▸ MATERIAL TO PROCESS:
----
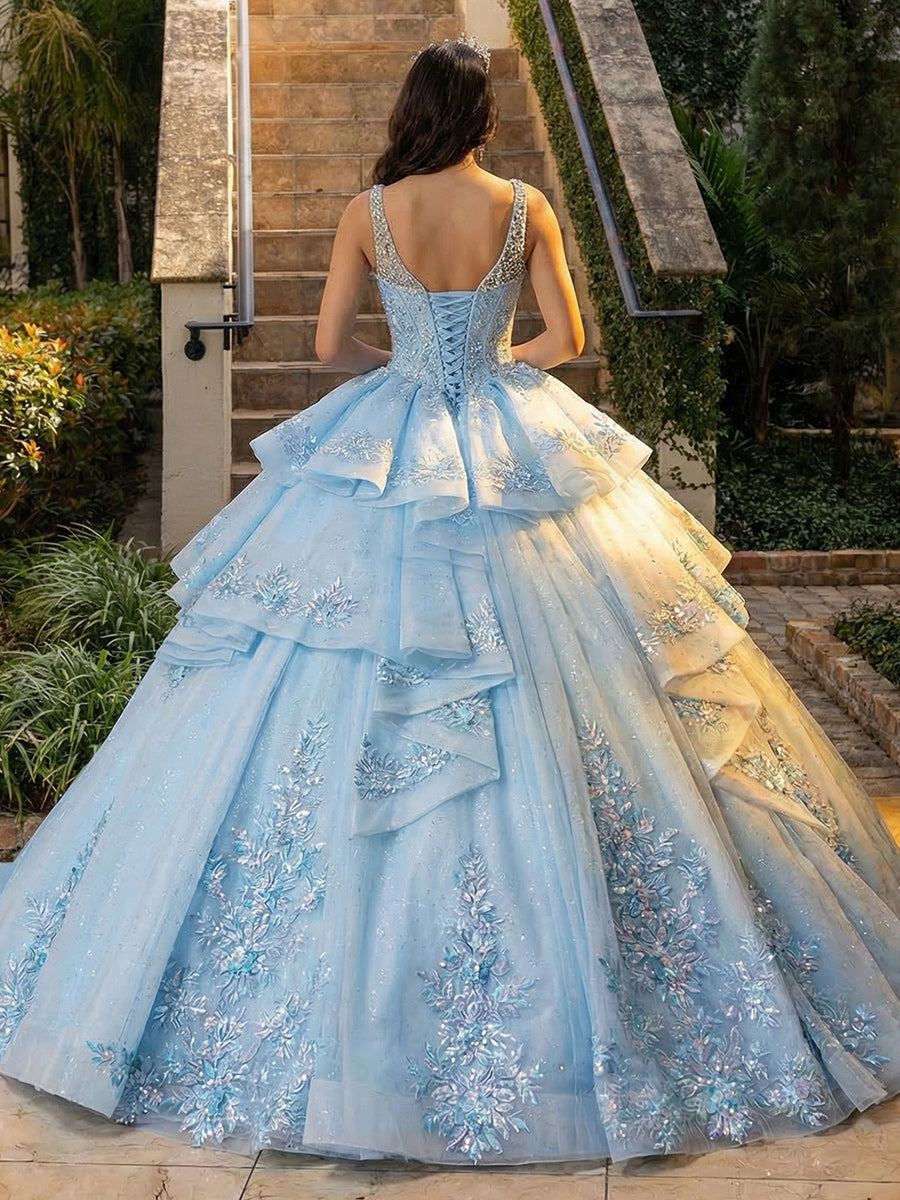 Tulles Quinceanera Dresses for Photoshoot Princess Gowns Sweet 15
----
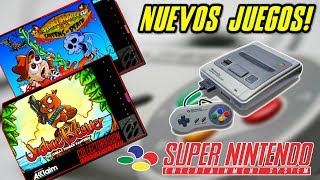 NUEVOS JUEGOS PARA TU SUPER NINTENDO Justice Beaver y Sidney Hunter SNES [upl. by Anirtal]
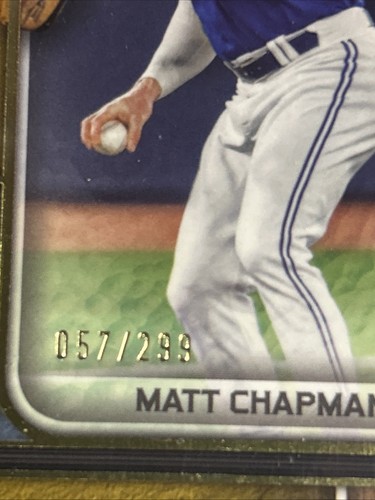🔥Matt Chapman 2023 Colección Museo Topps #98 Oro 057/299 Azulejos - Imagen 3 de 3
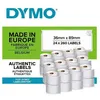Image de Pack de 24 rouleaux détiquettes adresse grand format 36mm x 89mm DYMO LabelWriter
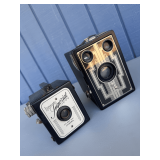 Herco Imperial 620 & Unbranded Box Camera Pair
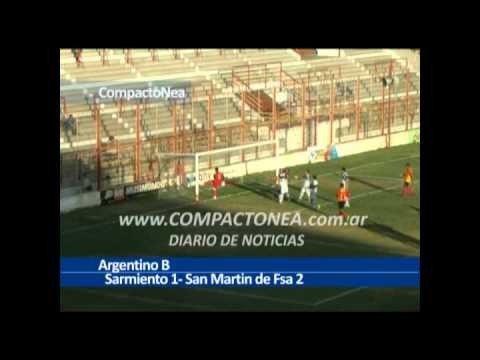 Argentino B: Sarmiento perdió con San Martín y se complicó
----
▸ AIM OF THE TASK: All pictures are to be skipped. Output, word for word, the lines in the data above starting at the line containing "Image de Pack" and ending at the line containing "Argentino B: Sarmiento".

▸ OUTPUT BELOW:
Image de Pack de 24 rouleaux détiquettes adresse grand format 36mm x 89mm DYMO LabelWriter
 Herco Imperial 620 & Unbranded Box Camera Pair
 Argentino B: Sarmiento perdió con San Martín y se complicó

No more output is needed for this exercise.